Hi {{first_name}}!
We just witnessed a week that signaled a fundamental re-tooling of the tech economy.
On one side, OpenAI closed a $122 billion funding round. To put that in context, it is the largest private raise in history. The previous record for a private round (prior to all the AI fueled rounds) was Ant Financial raising $14 billion in 2018. OpenAI just raised nearly nine times that amount.
On the other side, Oracle cut 30,000 jobs this week. These weren't performance-based cuts. They were a strategic move to free up capital for AI infrastructure.
When the giants start moving tens of billions of dollars and tens of thousands of people in seven days, it is a signal we need to look at closely. AI is becoming the new baseline for how businesses operate.
But for most SMB owners, these headlines feel a world away. You aren’t raising billions or managing data centers. You are trying to figure out if your team is actually getting more productive or just playing with new tools.
Today, we are cutting through the noise of the "Big Tech" wars to look at the developments you can actually use. That includes a new assessment I built to help you measure your team’s real progress.
Here’s what’s on the radar:
The Great Re-Tooling: Why $122B raises and 30,000 layoffs matter for your business.
The "Harness" vs. The Engine: What NVIDIA's latest release tells us about the future of work.

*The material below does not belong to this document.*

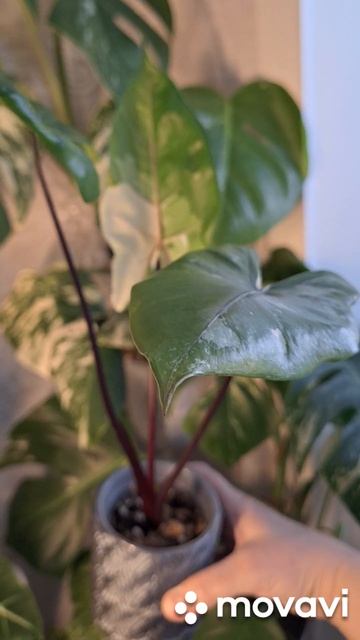 АЛОКАЗИЯ,БЛЕК СТЕМ ВАР.КОМНАТНЫЕ РАСТЕНИЯ(ЦВЕТЫ).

The Ampra AI Readiness Audit: A free tool I created to find the gaps in your team’s AI strategy.
Ok, let’s dive in.
New and Noteworthy

Slack Turns Slackbot Into an Agent Orchestration Layer: Slack announced a major overhaul of Slackbot on March 31, positioning it as a single interface for managing AI agents, apps, and business data from one conversation. The updates include intelligent meeting notes that automatically update your CRM and assign tasks during calls, voice commands that execute multi-step workflows, and the ability to route requests to the right agent behind the scenes without you needing to know which tool handles what. For teams already in Slack, this moves it from a messaging platform to something closer to a command center.
OpenAI Closes a $122 Billion Funding Round: OpenAI just completed the largest private fundraise in history, pulling in $122 billion at an $852 billion valuation. Amazon led with $50 billion, followed by Nvidia and SoftBank at $30 billion each. The company now generates $2 billion in monthly revenue and serves over 900 million weekly ChatGPT users. The bigger signal here: OpenAI is building toward a unified "AI superapp" combining ChatGPT, Codex, search, and agentic tools ahead of an expected IPO.

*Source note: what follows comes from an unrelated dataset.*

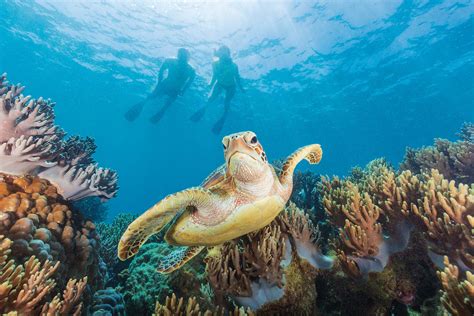 Snorkelling On The GBR | Cairns & Great Barrier Reef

Anthropic Insights from Two Data Leaks: Anthropic accidentally shipped over 500,000 lines of its own source code to a public registry this week. The leak revealed an unreleased, next-generation model codenamed "Claude Mythos." Internal files describe Mythos as a "step change" in capability that features recursive self-fixing and autonomous reasoning. While the leak raises questions about operational discipline at the world's leading safety-focused lab, it also confirms that a significantly more powerful version of Claude is imminent.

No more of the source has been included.